Earlier in the week at Tribeca, Beneath the Harvest Sky and Broken Hill Blues explored the coming of age stories of young men in isolated locations in America and Sweden, respectively. In Vara: A Blessing, the focus is on a young Indian female, and instead of examining the insecurities of growing up without direction, the film is a lovely portrait of choices young people make upon learning they don’t always end up exactly where they’ve planned.
Vara: A Blessing marks a distinct tonal shift from director Khyentse Norbu, a trained Bhutanese monk, whose previous works were more modern and less stylized. Norbu’s first film, The Cup (1999), winner of the Audience Award at Sundance, told the story of young monks trying to tune into a soccer broadcast, while Travelers and Magicians (2003) considered the allure of Americanization through a classic road-movie setup.
In Vara: A Blessing, Vinata (choreographer and actress Geeta Chandran) is a “devadasi”, a woman devoted to the service of a Hindu deity who teaches the ancient divine Bharata Natyam dance. Her daughter Lila (Shahana Goswami) wants nothing more than to follow in her mother’s footsteps and become a spiritual vessel ceremonially wed to Krishna, but Lila harbors an infatuation with Bollywood dance. She memorizes routines from television to perform in front of the sacred statue, rather than the customary ritual. The Devadasi tradition is dying, having been outlawed by the British during colonial rule and often equated with prostitution. When Lila performs the dance channeling Krishna’s lover, the goddess Radha, her fantasies take over and the image of Krishna in her mind is replaced by Shayam (Devesh Ranjan), a local, untouchable Muslim boy.

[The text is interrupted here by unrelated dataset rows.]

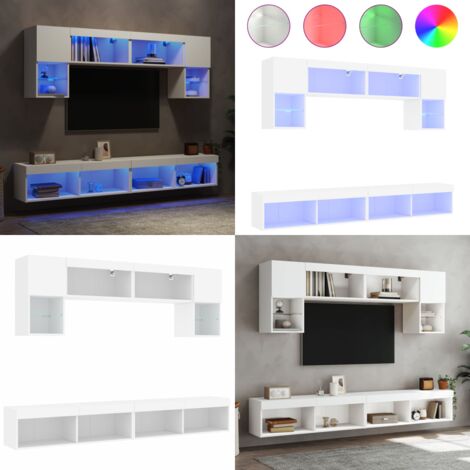 Muebles de TV de pared con LED 6 pzas madera ingeniería blanco - Muebles de TV - Luz LED RGB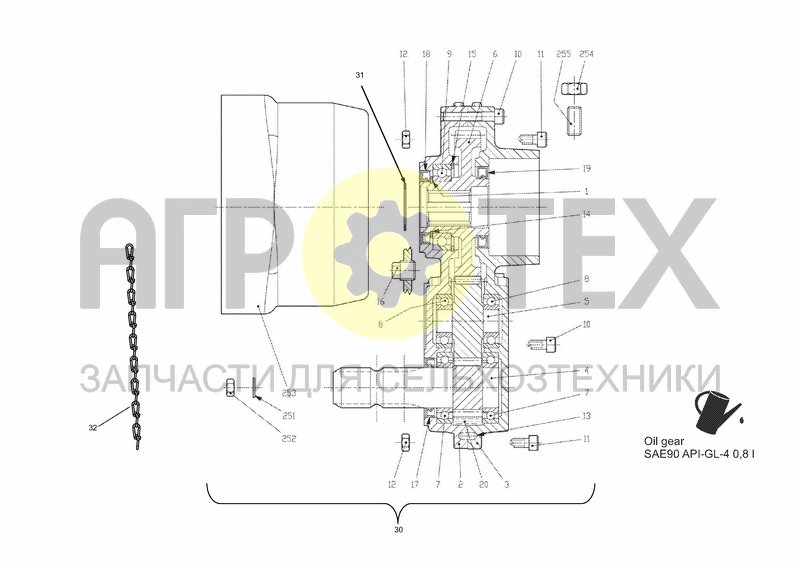 Чертеж NIGHT SWATH GEAR BOX OPTION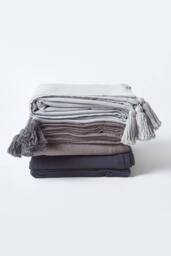 Homescapes Cotton Rajput Ribbed Throw in Black - Size: 225 cm x 255 cm - thumbnail 6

Shayam is a sculptor who wishes to hone his skills and move to the city. When an elderly sculptor agrees to teach him further, Shayam asks Lila if she would pose for him for a statue of goddess Saraswati. She agrees, despite the act violating any number of laws in their respective religions, and if found out could prove dangerous. Meanwhile, the matchmaker Subha (Rohit Raj) is on the prowl for a wife for the young landlord Prakesh (Panjak Pawan) whose eyes – and telescope – are fixated on the lower-class Lila. It’s a story of forbidden love amidst outdated binds and the juxtaposition of the transcendence of the soul with the realities of corporeal containment.
Vara: A Blessing is a visually stunning exploration of the cross between spiritual devotion and bodily temptation that incorporates hypnotic use of tradition Indian dance and music. The sensual attraction that builds up in Lila emerges on screen as rich, colorful dreamscapes in which Shyam is painted blue like her idol Krishna. This imagery conflicts with the neutral greys and browns of the rainy Indian countryside and Shyam’s clay sculptures of the real world. The clay itself also becomes a character in its own right as Lila and Shyam channel Patrick Swayze and Demi Moore in the infamous pottery scene in Ghost, but in a more subtly beautiful way.

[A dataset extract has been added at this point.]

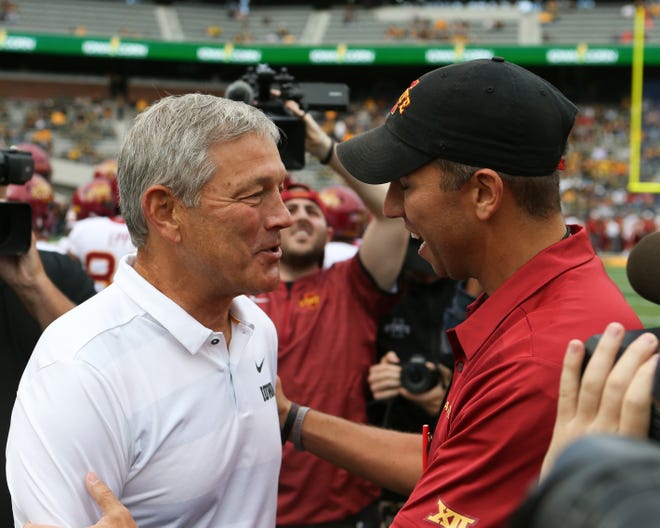 Iowa Hawkeyes head coach Kirk Ferentz and Iowa State Cyclones head coach Matt Campbell each are leading top-25 teams into the 2019 college football season. Iowa is ranked 19th in the USA TODAY Amway Coaches' Poll, with Iowa State coming in at No. 24.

Goswami’s dance ability is mesmerizing and the charming, innocent curiosity conveyed through her smile becomes all the more heartbreaking when faced with the consequences of her actions. Ranjan is the less convincing half of the star-crossed couple, though it’s not clear whether because he is a poor actor or because Shyam is purposefully not as infatuated with Lila as she is with him.

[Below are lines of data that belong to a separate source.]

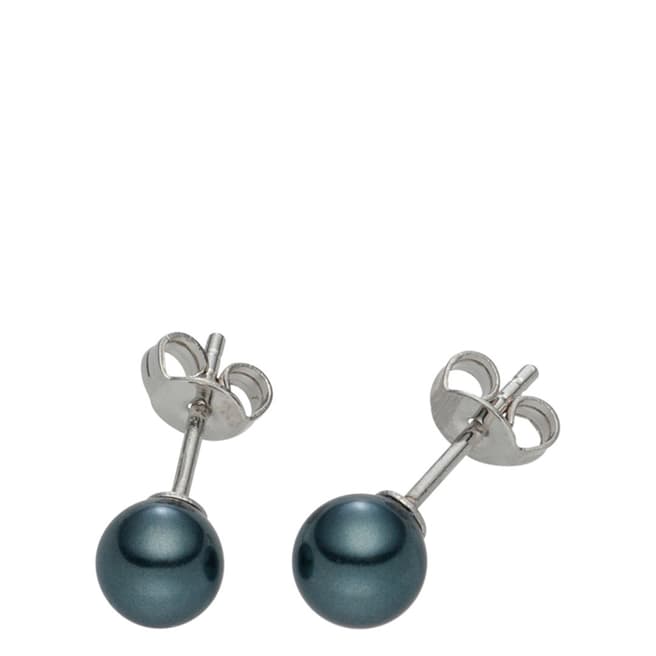 Pearls of London Dark Blue Pearl Stud Earrings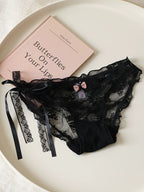 French-Inspired Low-Waist Sheer Mesh Panties with Ribbon Bow and Lace Trim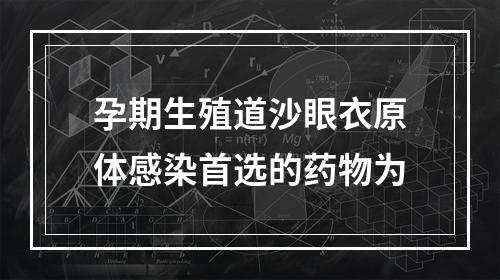 孕期生殖道沙眼衣原体感染首选的药物为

Norbu enlisted cinematographer Bradford Young (Ain’t Them Bodies Saints) to capture the splendid imagery, and Wong Kar Wai’s regular editor William Chang to seamlessly mesh the scenes of colorful illusion with drab, everyday life. One issue here, however, is that some intricacies of Indian tradition or social structure may have been lost in Norbu’s decision to make the film his first English language endeavor. Hearing the characters speak a familiar language is interesting, in some ways comforting, but suggests a slight loss of subtly, as if the actors would feel more comfortable and their moods and interactions clearer if they were allowed to speak their native language.
Ultimately Vara: A Blessing is about Lila growing up. She learns of the inevitable rift between her dreams and her reality. She can have the fantasy if she wants it, but potentially at great physical cost to both her and her mother. Choosing reality is the “safer route”, though even more difficult to accomplish. It is a beautiful examination of the choices we make in the transition from childhood to adulthood, though not all of us get to do so through transcendent music and dance.